Convention Violations: The system frequently violated BPMN 2.0 standards and specific organizational guidelines (e.g., labeling patterns), lacking the ability to be configured for enterprise rules.

Envisioned Use Cases

Experts identified five potential use cases:

Support for Non-Modelers: Generating initial drafts for domain experts (though quality must be higher for non-experts who cannot spot errors).
Quality Assurance Bot: Validating existing models against standards and organizational conventions.
Visual-to-BPMN Conversion: Converting hand-drawn sketches or photos into formal models.
Enterprise-Integrated Local Deployment: A local LLM trained on an organization's specific process portfolio for pattern recognition and consistency.
Process Optimization: Using LLM reasoning to identify inefficiencies and suggest process improvements.

4. Key Contributions

Demonstration of the Usability-Trust Gap: The study empirically proves that a system can be perceived as usable (easy to interact with) while simultaneously being untrusted (unreliable output) by professionals.
Identification of the "Prompting Paradox": Highlighting that the barrier to entry is not just the tool's existence, but the user's inability to formulate effective prompts without guidance.
Critique of Automated Benchmarks: Arguing that automated metrics are insufficient for evaluating LLM agents in professional settings where reliability, convention adherence, and iterative dialogue are paramount.
Design Implications: Proposing specific technical interventions, including:
- Progressive Disclosure: Systems that chunk large inputs automatically rather than forcing users to do it.
- Proactive Clarification: LLMs must ask questions before generating outputs.
- Confidence Communication: Systems should highlight uncertainties and probable errors to calibrate user trust.
- Convention Configuration: Allowing systems to be tuned to specific enterprise modeling standards.

5. Significance

This paper is significant because it shifts the evaluation paradigm for LLM-based modeling tools from technical correctness to human-centered viability.
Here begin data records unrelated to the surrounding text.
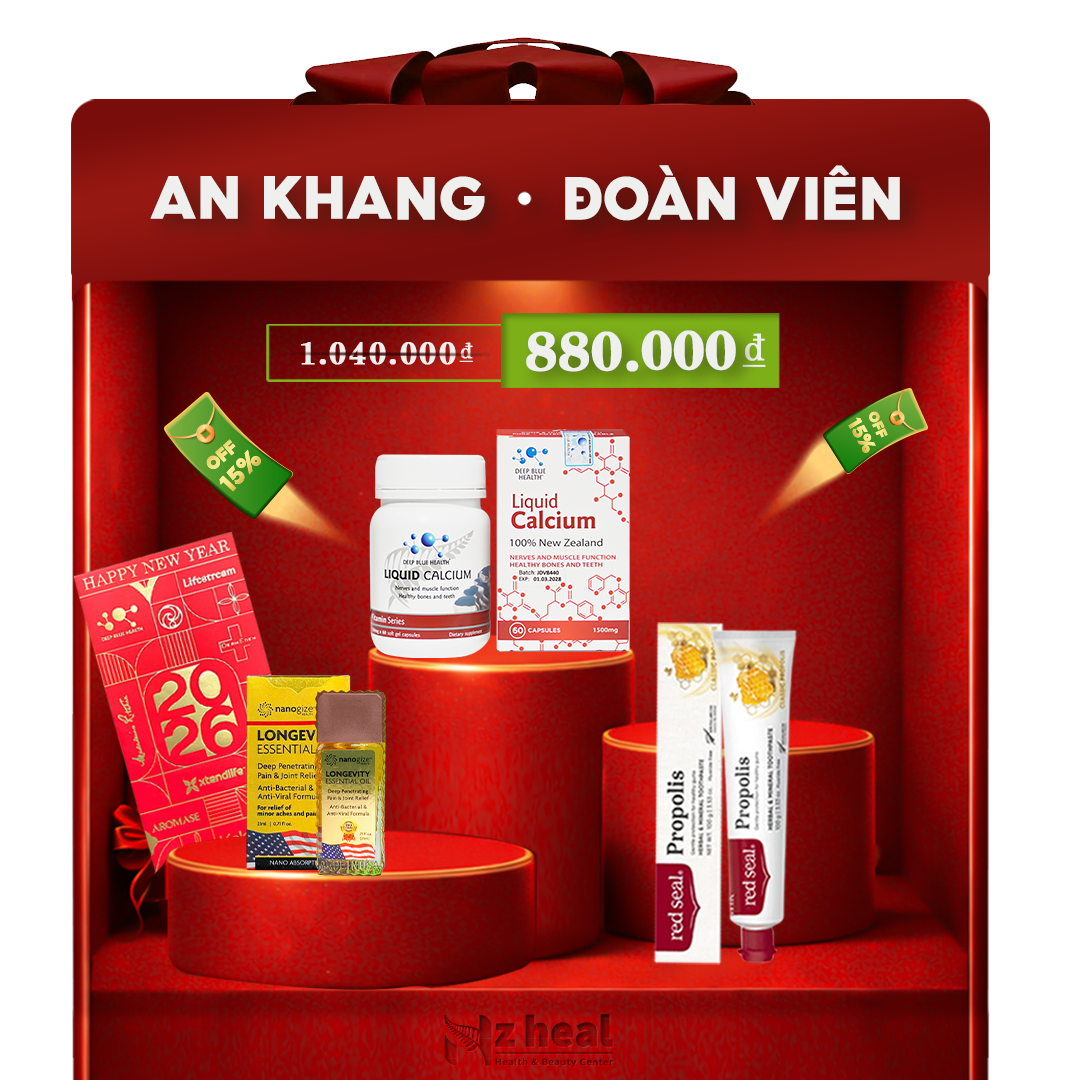  Set quà Tết An Khang Đoàn Viên: Viên Canxi Liquid Calcium + Dầu gió Nanogize + Kem đánh răng Comvita 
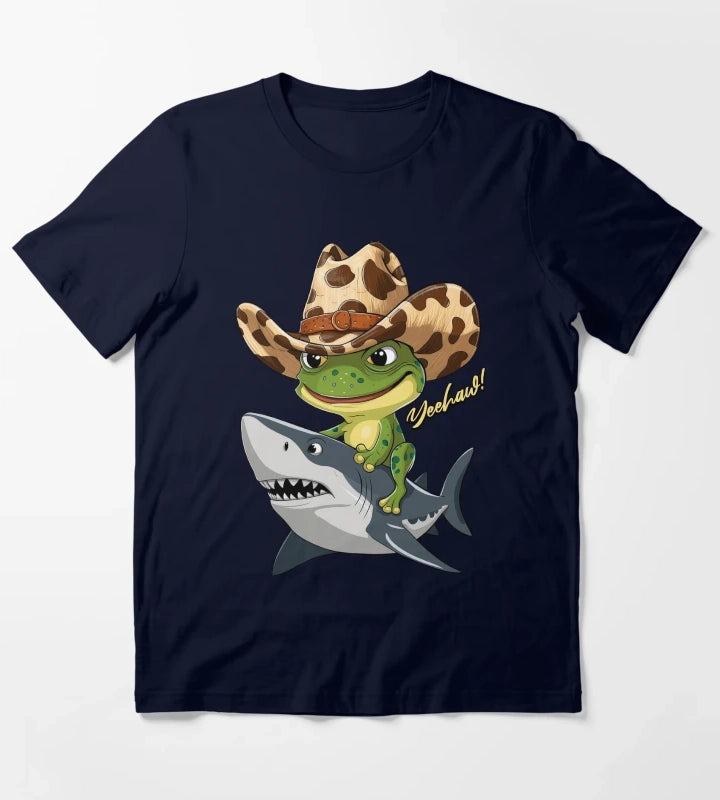 COWBOY FROG ON THE SHARK T-Shirt Navy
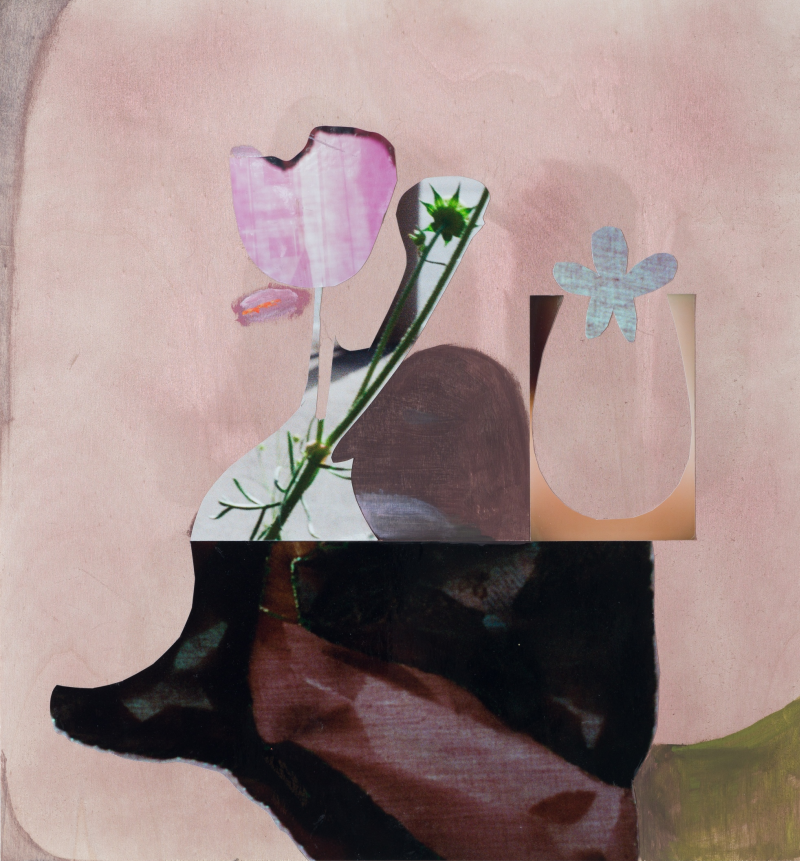 Ursula Hübner, Vase 13, 2022,Collage auf Holz, 53 x 49,5 cm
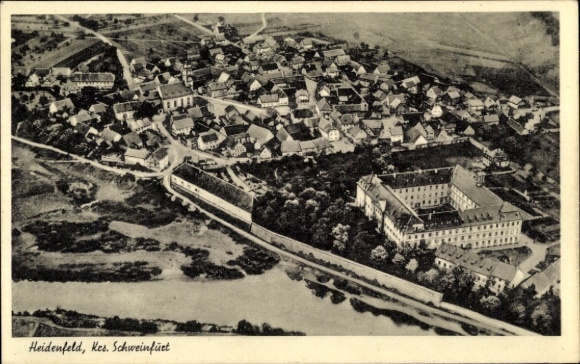 Postcard Heidenfeld Röthlein in Lower Franconia Bavaria, aerial photo of the place
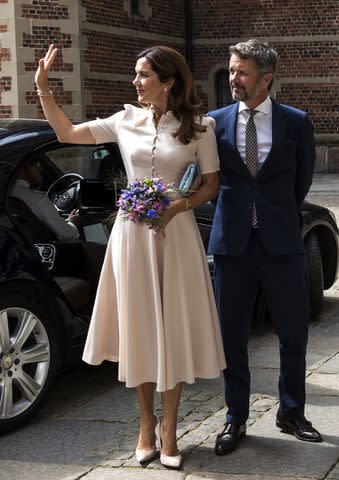 <p>Ole Jensen/Getty Images</p> Crown Princess Mary of Denmark wears Beulah dress in June 2020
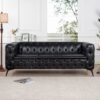 Square Arm Removable Cushion 3 Seater Sofa - Black - Image 4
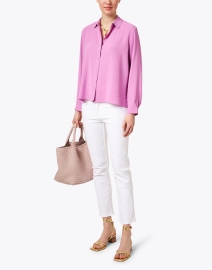 Look image thumbnail - Eileen Fisher - Orchid Pink Silk Georgette Top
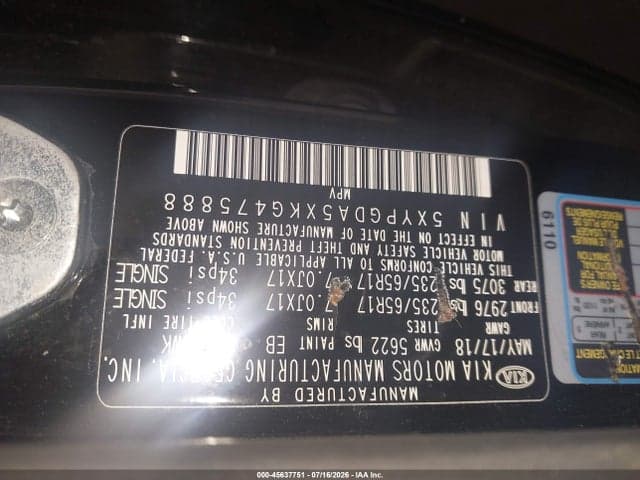 2019 KIA SORENTO 3.3L LX 9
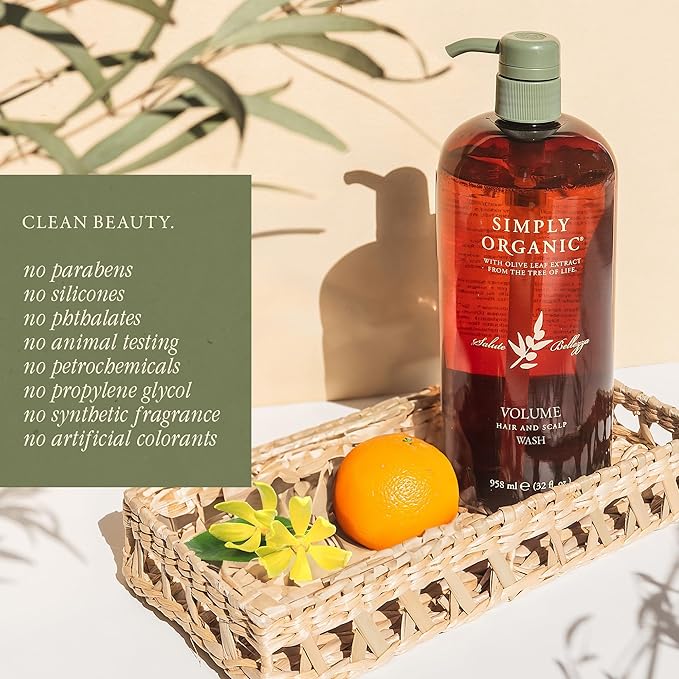 Thinning Hair Volumizing Shampoo Scalp Wash, Made in Italy, All Natural Cruelty Free Hair Care for Women & Men, Sweet Orange, Ylang Ylang, Olive Leaf Extract with Pump, 32fl oz/958 ml, VOLUME
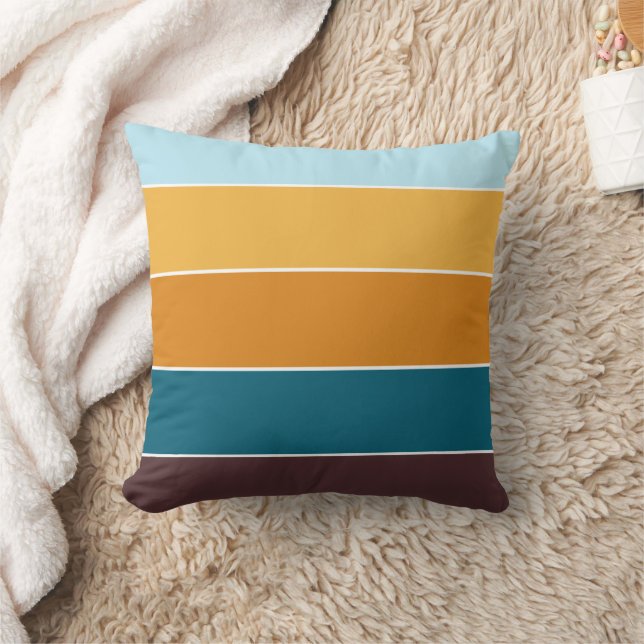 Elegant Rustic Yellow Teal Stripe Pattern Fall  Throw Pillow (Blanket)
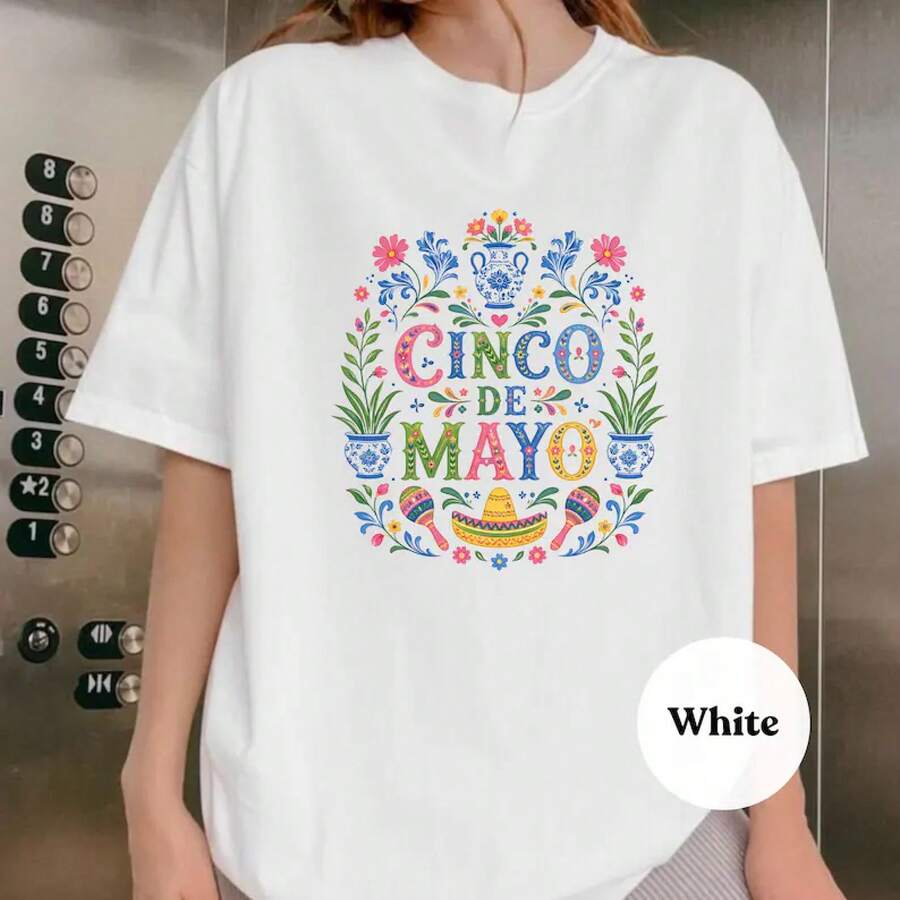 Camisa Cinco de Mayo, Camisa de Mexicana, Camisa con Arte Folclórico Floral deéxico, Camiseta para del Cinco de Mayo, Atuendo de - Blanco - Ver 1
It demonstrates that for LLM agents to be adopted in professional BPM contexts, they must move beyond simple generation to become collaborative partners that understand context, adhere to strict standards, and communicate their limitations. The findings suggest that future research and development must prioritize trust calibration and interaction design (e.g., handling ambiguity and latency) alongside model accuracy to ensure these tools are safe and effective for enterprise use.